Along with feature importance plots, a sensitivity analysis was performed to assess how changes in input variables affect model predictions. The results of this analysis are illustrated in
Figure 9, which displays the model’s response to changes in key variables.
While lithology and elevation are static variables, both rainfall and land use can vary over time and space. In particular, land use changes due to urbanization, deforestation, or agricultural practices can significantly alter surface runoff and infiltration capacity.

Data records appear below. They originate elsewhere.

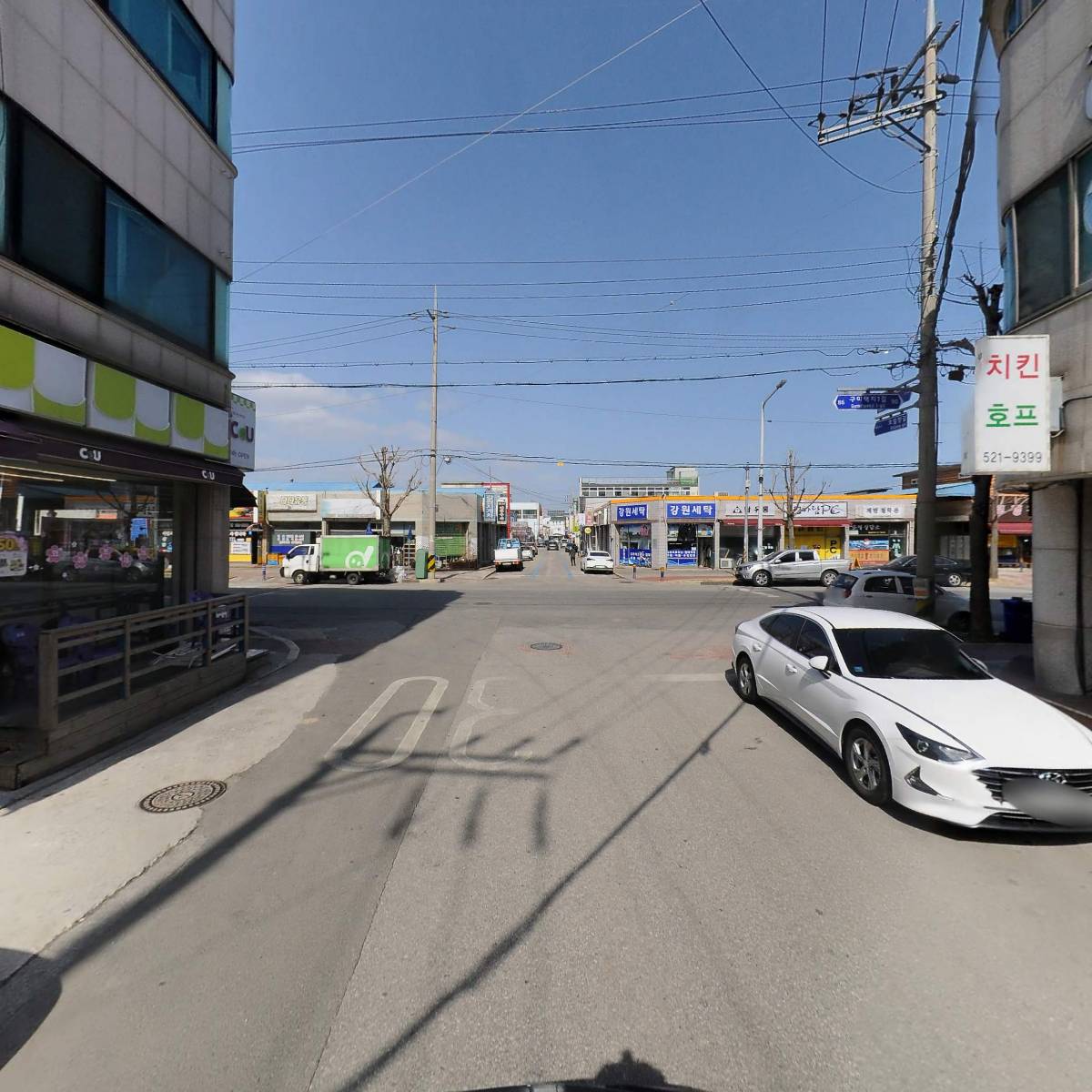 주식회사 서원씨푸드_2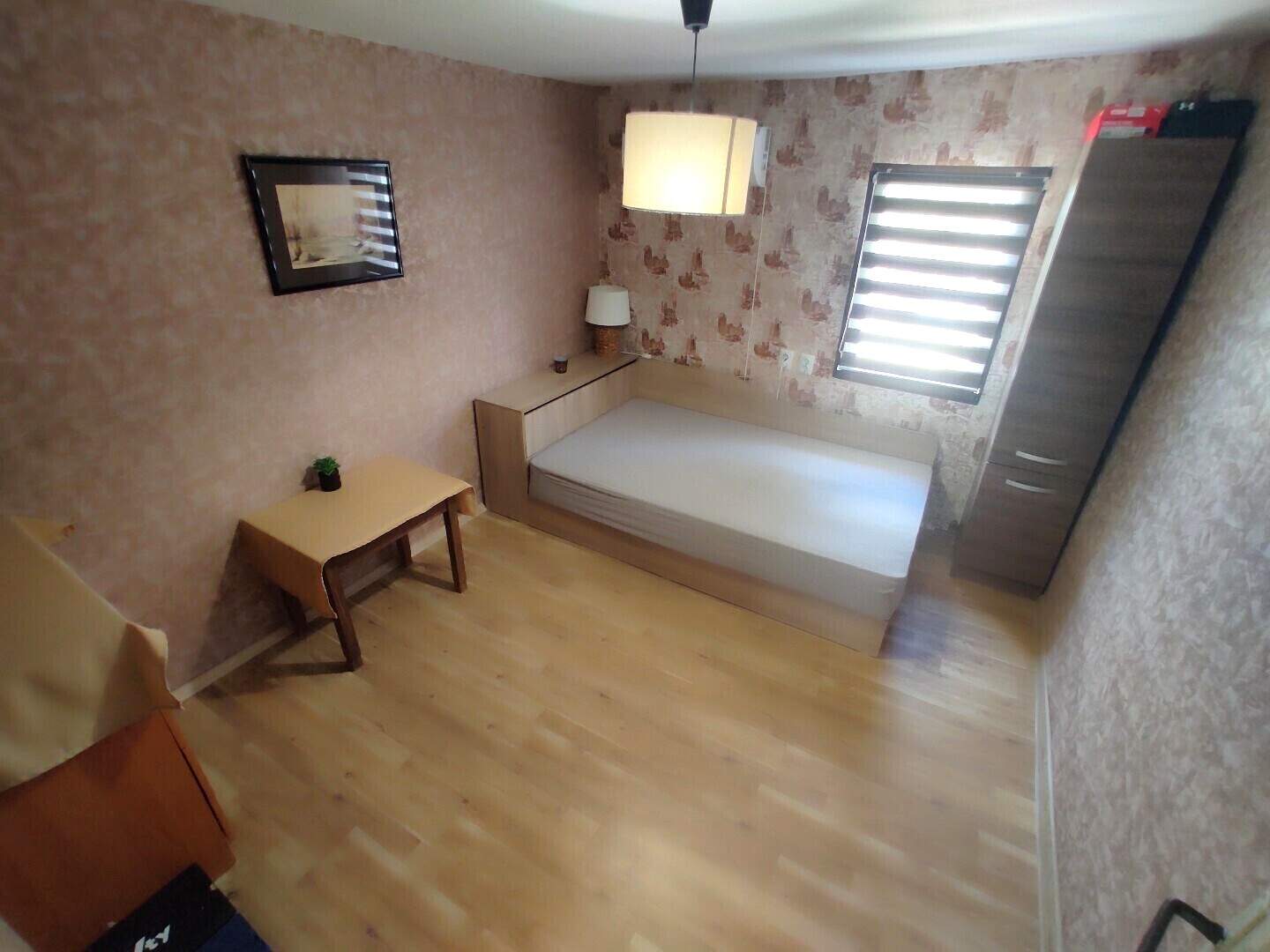 Ev olarak Studentski Grad, Vratsa – fotoğraf 9
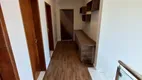 Foto 11 de Casa de Condomínio com 3 Quartos à venda, 230m² em Vila Nova, Barueri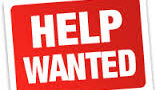Mitchell M. Tsai Law Firm 2026 Summer Internship Ad Post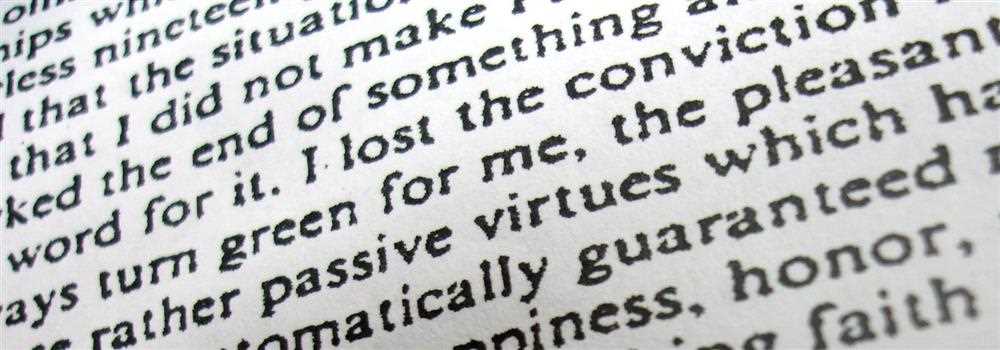 banner image of Renado Hebblethwaite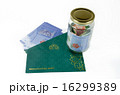 Saving Duit Raya 16299389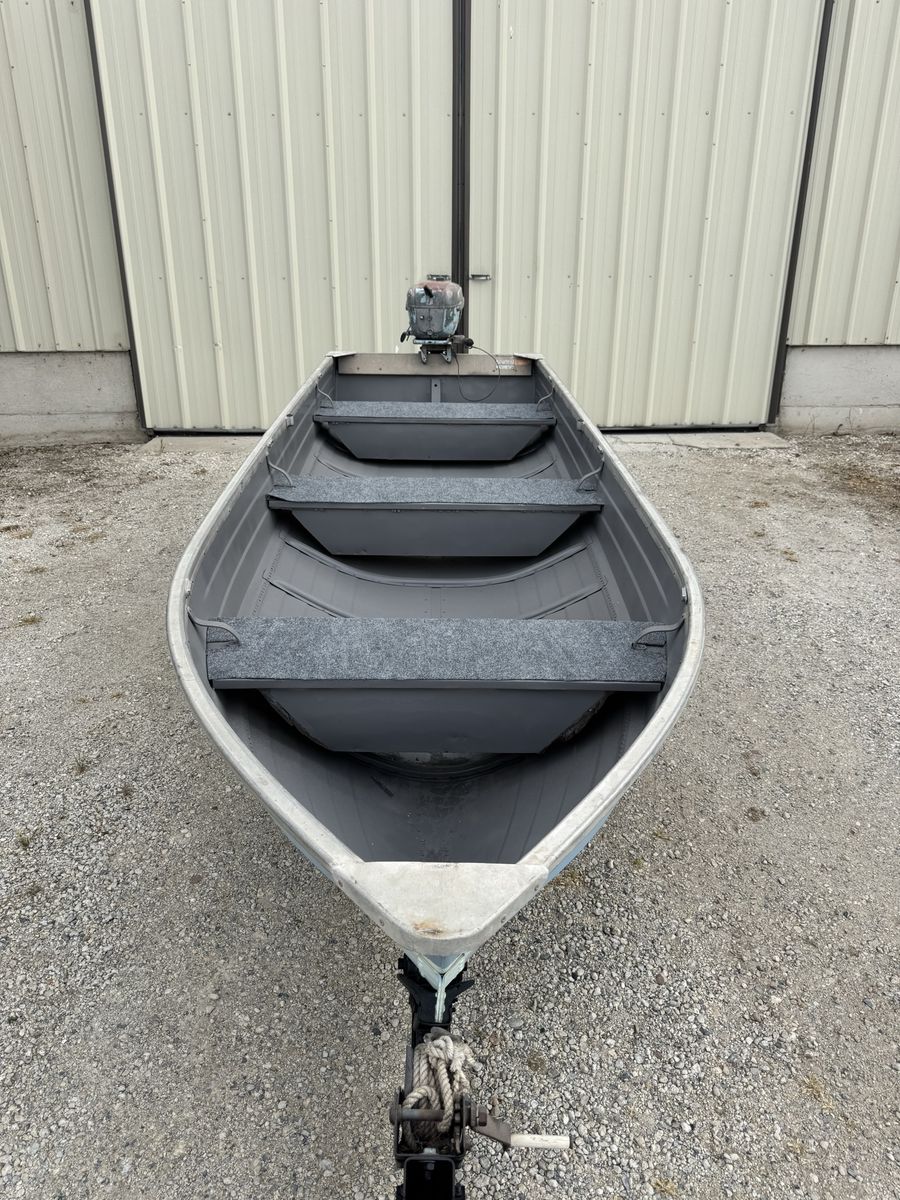 Main image 3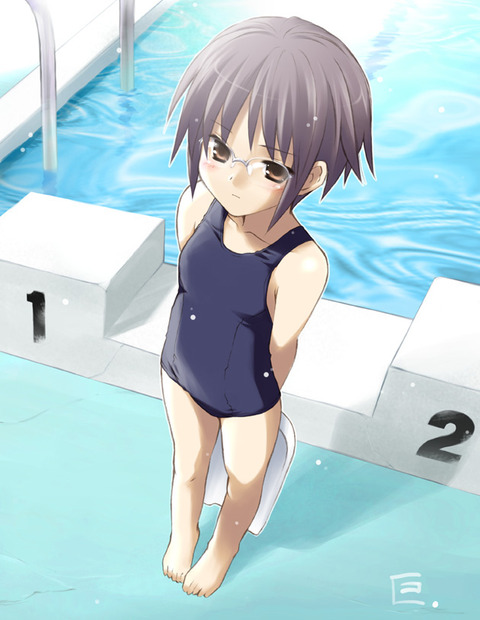 アニメ画像色々　その83　50枚 34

Figure 9 reflects this distinction by showing simulated sensitivity curves for rainfall and land use, and theoretical curves for lithology and elevation. This approach enables us to capture both the dynamic and structural components of flood risk, providing a more realistic and comprehensive understanding of how each factor contributes to flood hazard.
Sensitivity analysis is essential for understanding and managing flood risk.

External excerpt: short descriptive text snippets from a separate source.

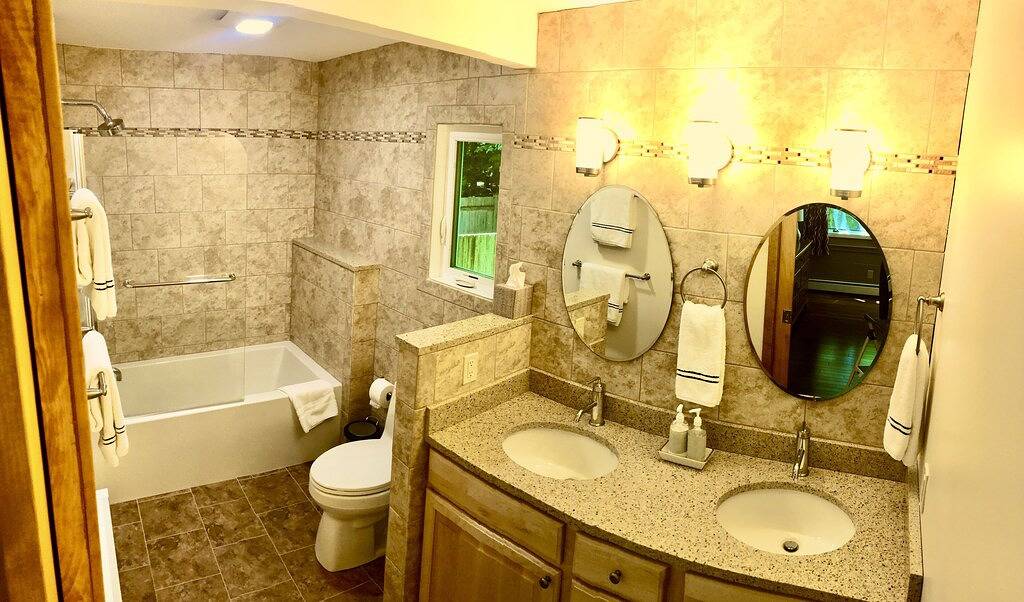 Beautiful year round location! in Killington, Rutland County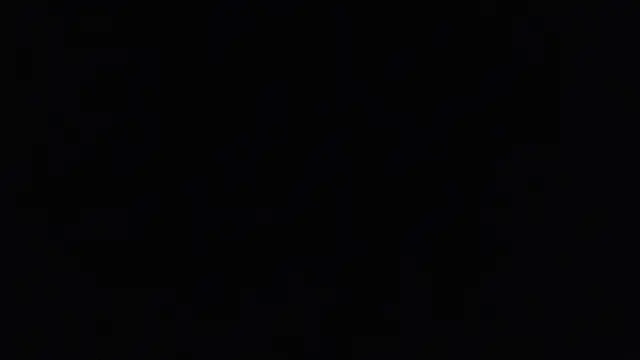 Snapshot of Alisa__walker chatting on 12, 6, 2026 Alisa walker online show from 12, 6, 2026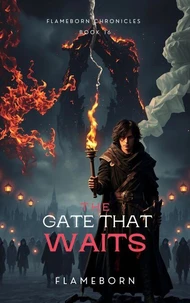 The Gate That Waits
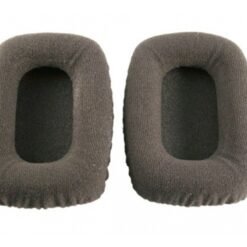 BEYERDYNAMIC EDT 100 T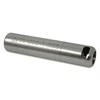 Įkraunamas temperatūros USB duomenų kaupiklis EasyLog EL-USB-1-RCG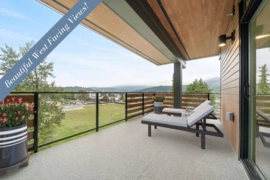 515 150 James Road, Port Moody, BC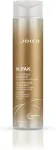 Joico K-PAK Reconstructing Shampoo 300ml - Shampoo uniseks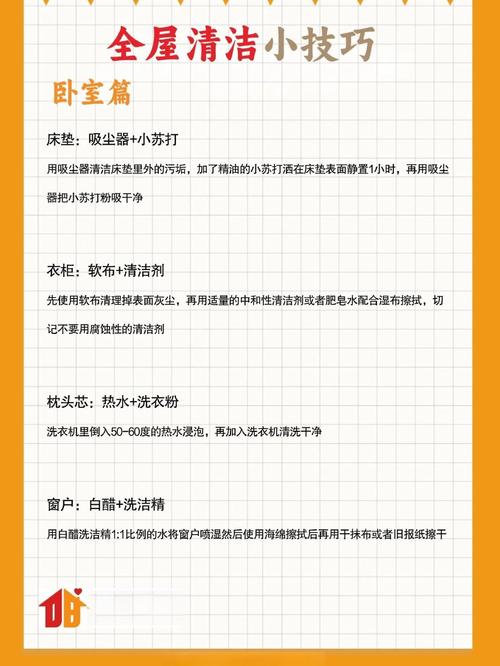 快手死粉清理策略大揭秘:手动到工具自动化的全方位指南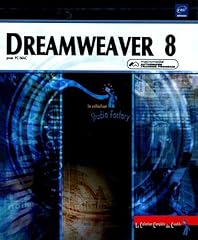 Dreamweaver pour pc gebraucht kaufen  Wird an jeden Ort in Deutschland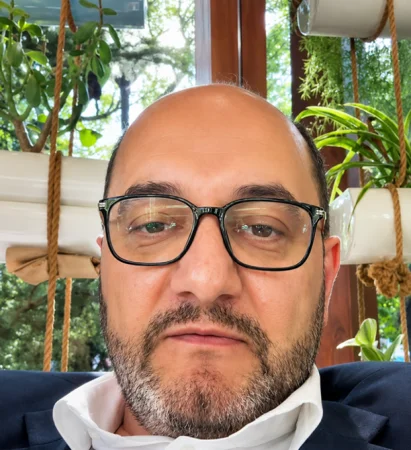 «Սպասվում է ապատեղեկատվության հոսք»․ ՔՊ–ն հերքում է ԲՀԿ-ին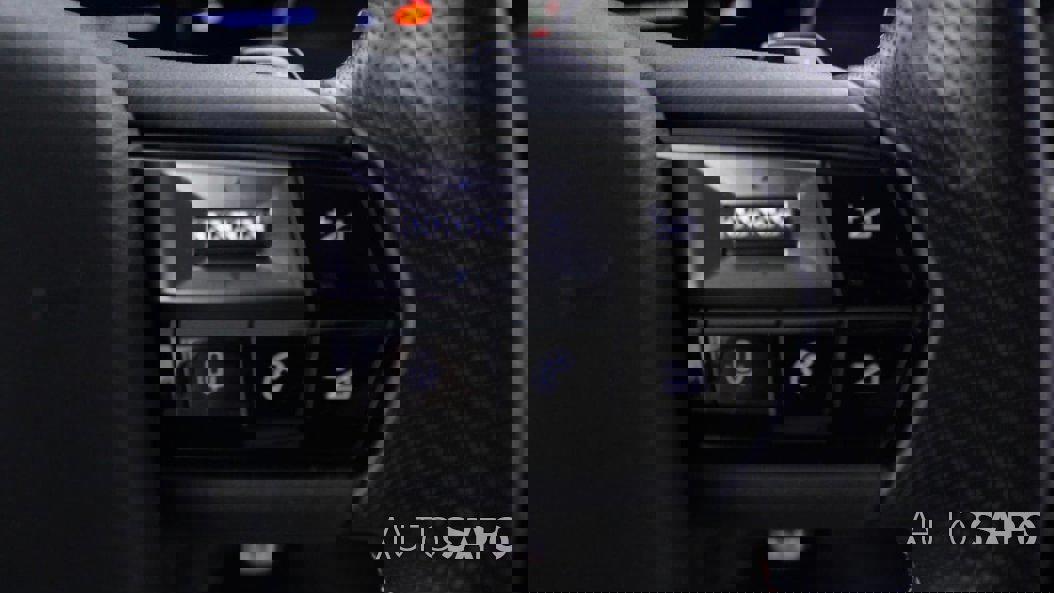DS DS4 de 2022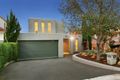 Property photo of 12 Range View Terrace Bulleen VIC 3105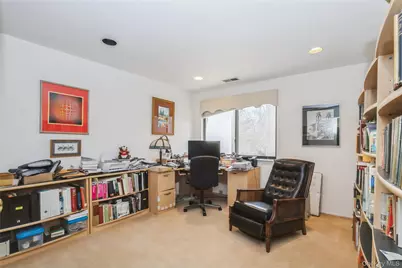 33 Club House Court #33, Jericho, NY 11753 - Photo 29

The figure illustrates how standardized changes in four key variables, Rainfall, Land Use, Lithology, and Elevation, affect predicted flood risk. Rainfall (solid blue line) and Land Use (dotted purple line) are treated as dynamic variables, with curves derived from model-based simulations. Lithology (dashed green line) and Elevation (red dash–dot line) are considered static variables, and their curves represent theoretical relationships based on hydrological reasoning and their contribution to the model’s classification. All curves are plotted on a uniform y-axis scale to enable the direct comparison of their influence on flood risk.
These variables interact complexly, making an integrated analysis of all the essential factors in flood risk assessment. The assignment of weights to environmental factors in our model was determined through a sensitivity analysis, which identified the variables with the greatest impact on flood susceptibility. Rather than directly applying these weights, we employed Principal Component Analysis (PCA) to synthesize the information from the most influential variables into a reduced set of uncorrelated components. PCA allows for dimensionality reduction by eliminating redundancies and generating principal components that represent optimal linear combinations of the original variables.

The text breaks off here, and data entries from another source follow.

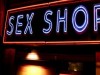 В Крыму секс-шопы больше привлекательны женщинам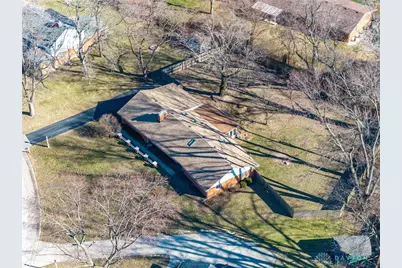 5806 Folkestone Drive, Dayton, OH 45459 - Photo 56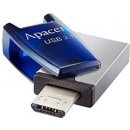 Apacer AH179 64GB AP64GAH179U-1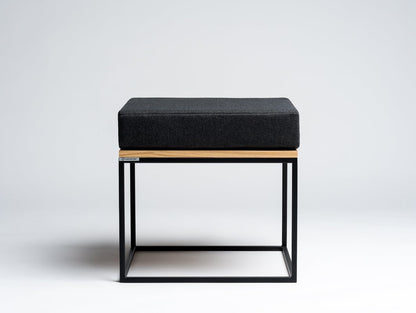 Pufas TENSIO SOLID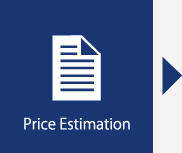 Price Estimation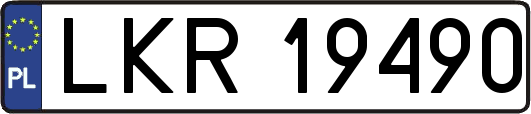 LKR19490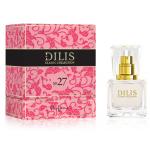 Dilis Classic Collection 27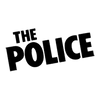 Police - Tirages photos vintage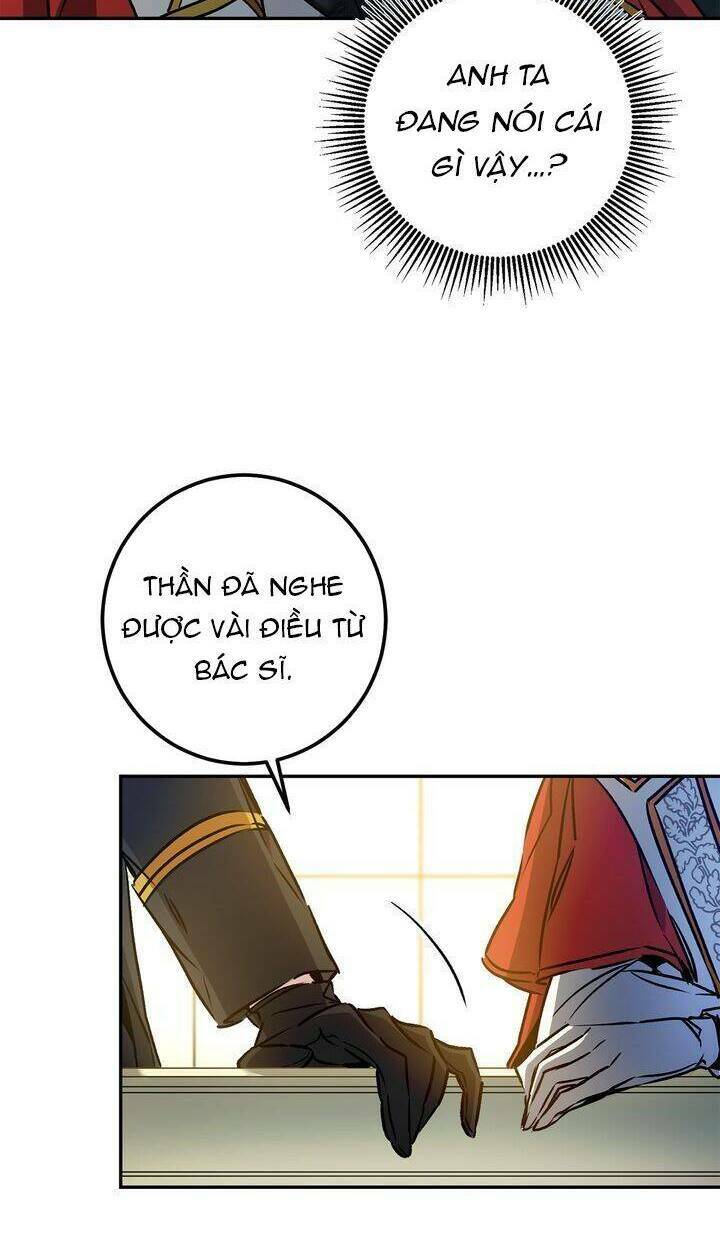 Trang 42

To classify flood susceptibility levels, we employed a synthetic index derived from the first principal component (PC1) of the PCA. The classification into four susceptibility classes (Low, Moderate, High, and Very High) was based on quartile thresholds of the PC1 scores. This statistical approach was adopted to ensure objectivity and comparability across spatial units in the absence of consistent hydrological benchmarks or flood incidence records. Importantly, this classification was used solely for spatial interpretation and visualization purposes, and not as a target variable in model training.
PCA loadings were carefully interpreted to retain physical meaning, and a sensitivity analysis was conducted to assess the influence of individual variables (see
Figure 9). The resulting susceptibility map represents a relative environmental predisposition to flooding, not an absolute hazard measure. Limitations of this approach are acknowledged, and future work will focus on calibrating the classification using hydrodynamic models, historical flood data, and, where feasible, ground-truthing.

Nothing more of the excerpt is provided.